It’s called rein control because it’s like steering a horse with reins - they can only pull, not push, and only in one direction. So to move something left and right you need two reins. If you want to move something in two axes (up/down, left/right) then you need four reins, and so on.
Ecosystems can be very complex with a very large number of species. But rather than this complexity representing a de-stabilising force, instead the many diverse species form many “reins”, with which to stabilise environmental conditions. We found that even after severe shocks, a complex system could return to one of a number of stable states.
Feedback and consequences
As well as shedding light on how Gaian homeostasis may work, our research has other messages for arguably more pressing issues. In order for homeostasis to emerge in any system, there must be a feedback loop.

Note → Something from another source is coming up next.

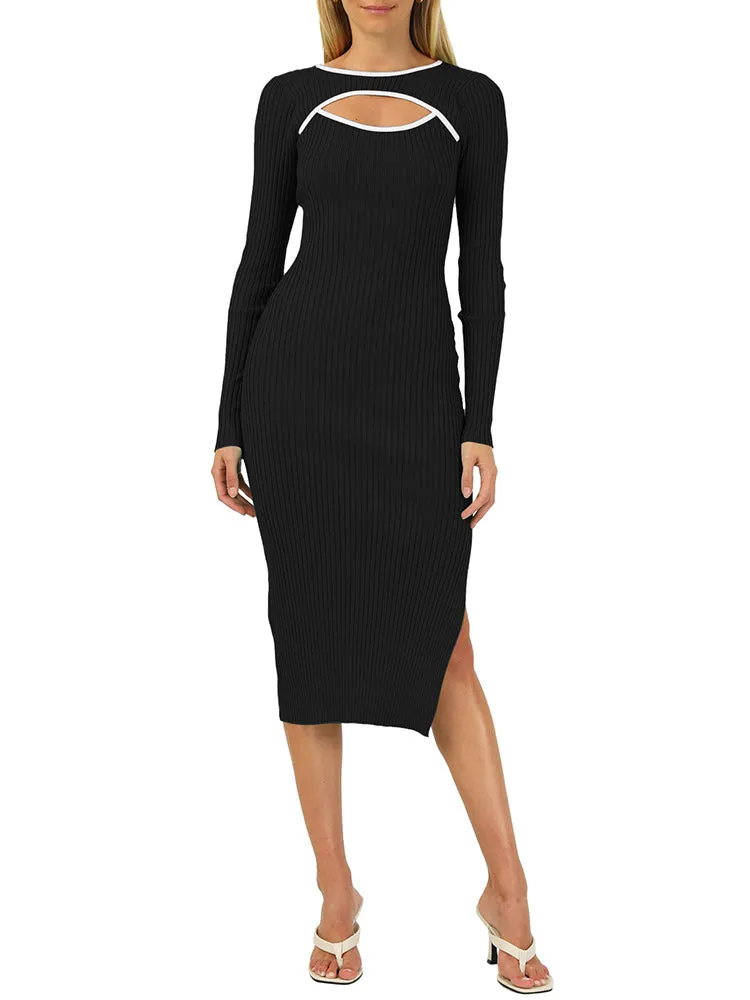 Rib Knit Long Sleeve Hollow Out Tight Sweater Dress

The organisms affecting the environment must “feel” the consequences of these effects, and there must be a flow of information that enables this. It’s an open question to what extent there is this information flow on Earth. Certainly there have been very destabilising events in the past, such as the “great oxidation” of the atmosphere caused by the evolution of photosynthesis. In fact some of the mass extinction events in the past have been largely driven by life.
Climate change seems to be a good contemporary example. The species Homo sapiens is currently changing the composition of the Earth’s atmosphere. The impacts on the environment, through increased average temperatures, loss of Arctic sea ice and ocean acidification, will affect other species, but not have so much of an effect on Homo sapiens - yet. But if we carry on business as usual the predictions are not good, and we will feel the consequences of our actions with destabilised food production as a result of extreme weather events and flooding. By then much larger changes would be required to reduce these impacts.

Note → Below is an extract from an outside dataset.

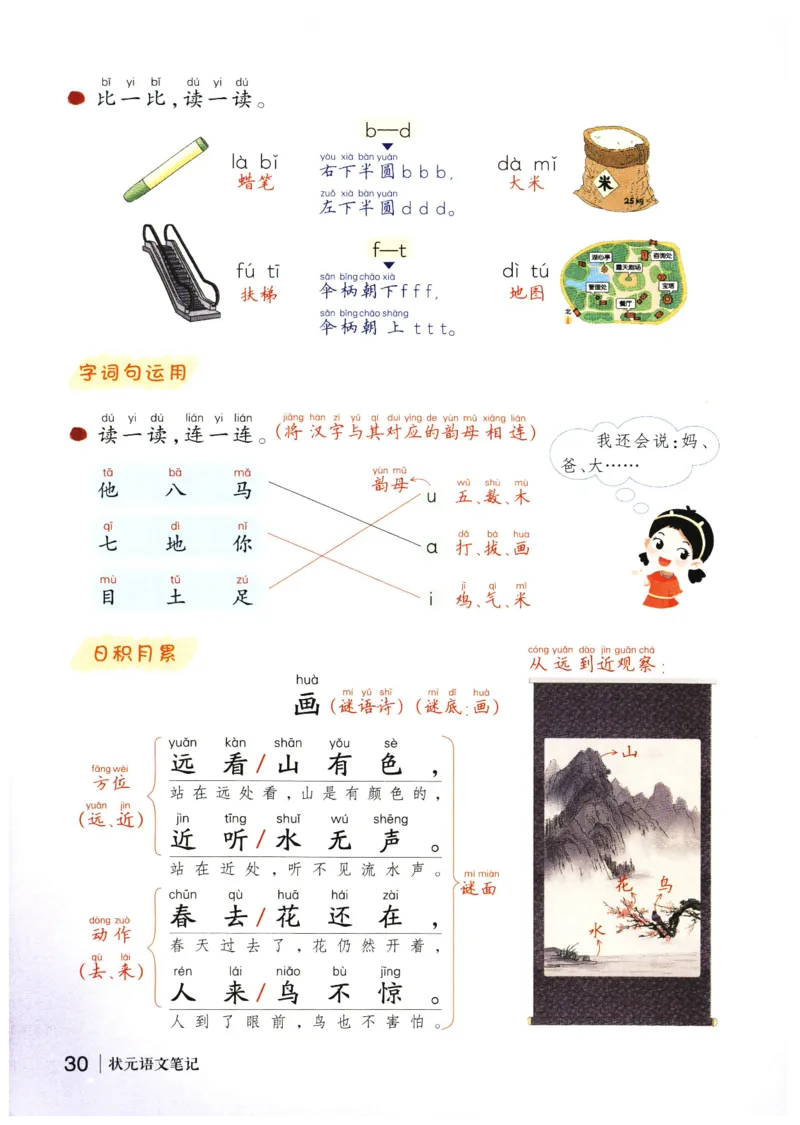 《状元笔记》_25秋小学语数英习题试卷_语文_25秋《状元笔记》语文12456_1年级语文《状元笔记》25秋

The countries largely responsible for current and historical carbon dioxide emissions are the most industrialised and typically the richest countries, and so best placed to insulate themselves from the worst consequences of their actions. The irony is that those countries which contributed least to the problem will be those likely to suffer most.
The Earth is arguably the most complex system in the known universe. So while we are a planet-altering species it seems misguided, even dangerous, to think we could control it. Pretty much whatever we do, life - with or without Homo sapiens - will carry on much as it did for the previous 3.5 billion years. It is only by understanding its past evolution and underlying mechanisms that we can hope to continue to be a part of its future.